Dirty Wisconsin Air Conditions Continue Into Wednesday
Smokestack and tailpipe emissions hit the sun and heat, and the result is another day of unhealthy air for much of the state's population along the Lake Michigan coastline.
It's not "Healthier-by-the-Lake."
I'll post the text below from the Wisconsin Department of Natural Resources, which had issued an alert for a larger portion of the state for Tuesday.
Cleaner energy, better pollution controls and conservation across the board would go a long way towards reducing the number of these alerts and the health risks the dirty air poses to people who live in these parts.
From the DNR:
The Wisconsin Department of Natural Resources is issuing an Air Quality Advisory for Ozone (Orange) for Kenosha, Manitowoc, Milwaukee, Ozaukee, Racine and Sheboygan counties effective 4:28 pm on Tuesday, June 23, 2009 through 10:00 pm on Wednesday, June 24, 2009 .
The advisory is being issued because of persistent elevated levels of ground level ozone. Ground level ozone is formed when pollution from power plants, factories and other industrial sources, vehicle exhaust, and volatile organic compounds chemically reacts with hot temperatures, high humidity and atmospheric stagnation.
The Air Quality Index is currently in the orange level, which is considered unhealthy for people in sensitive groups and others, including people who are not in sensitive groups but who are engaged in strenuous outside activities or exposed for prolonged periods of time.

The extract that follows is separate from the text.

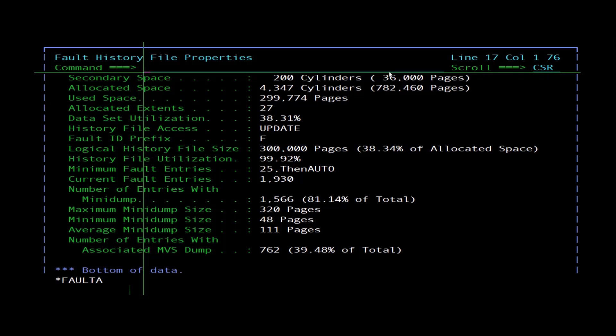Logical history file size shows the current logical history file size, and is only shown for PDSE history files. History file utilization shows used space as a percentage of history file size, also only for PDSE history files. Minimum fault entries is the number of fault entries that must exist in the PDSE history file before it is maintained automatically, regardless of how many data set extents have been allocated.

People in those sensitive groups include those with respiratory diseases, such as asthma, older adults, and active adults and children. When an orange advisory for ozone is issued, people in those groups are advised to reschedule or cut back on strenuous outside activities.
People with lung diseases such as asthma and bronchitis should pay attention to shortness of breath or respiratory symptoms like coughing, wheezing and discomfort when taking a breath, and consult with their physician if they have concerns or are experiencing symptoms.

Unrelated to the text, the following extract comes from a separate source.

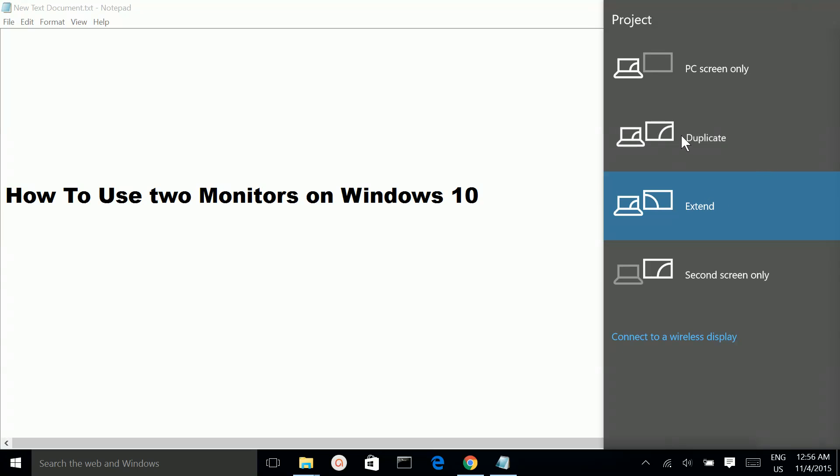For the duplicate option, if you want to play a movie, you can keep your first monitor in one room and the second monitor in another room, and the same movie will play on both monitors.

Ground level ozone can irritate the respiratory system, reduce lung function, aggravate asthma and chronic lung diseases, and, over time, cause permanent lung damage.

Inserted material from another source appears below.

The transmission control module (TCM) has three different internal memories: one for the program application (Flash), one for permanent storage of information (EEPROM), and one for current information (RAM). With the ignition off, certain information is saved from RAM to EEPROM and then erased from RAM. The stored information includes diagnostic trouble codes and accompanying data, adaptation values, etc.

To receive air quality advisories by e-mail, visit http://dnr.wi.gov/air/newsletters/.
There are several actions the public can take to reduce their contributions to this regional air quality problem.
Reduce driving when possible and don't leave vehicle engines idling.
Postpone activities that use small gasoline and diesel engines.
Minimize wood burning.
For more ideas on how you can reduce your emissions today and every day visit: Do a little, save a lot!
For more information:
Air Quality Watches and Advisories Status Web Site
Daily Air Quality Hotline - 1-866-324-5924 (1-866-DAILY AIR)
Federal interagency air quality web site, for information on the Air Quality Index and nationwide air quality forecasts and air quality conditions, http://airnow.gov
DNR's statewide air quality monitoring web page, http://dnrmaps.wisconsin.gov/wisards
For local DNR air management program contacts, http://dnr.wi.gov/air/about/regions.htm
I like how we are contradictorily advised to avoid exercise and avoid driving. I'm not taking an ozone day off from work. Either bicycle or car. I generally go with bicycle, on the theory that if we all do that we won't have the air quality problem in the first place.
Maybe the DNR should encourage the use of mass transit on these days?
It probably never occurred to them to suggest transit, as it's not as if we have much. My commute in the city of Milwaukee is under 40 minutes by bicycle, about ten minutes less by car (depending on traffic), but closer to two hours by bus.
I always wonder if anyone actually does respond to the air alerts. Do gasoline sales drop and then rebound after the alert as people defer fueling until the air improves? Does lawn care with those horrific polluting small engines get deferred? I don't imagine lawn care companies take ozone days off.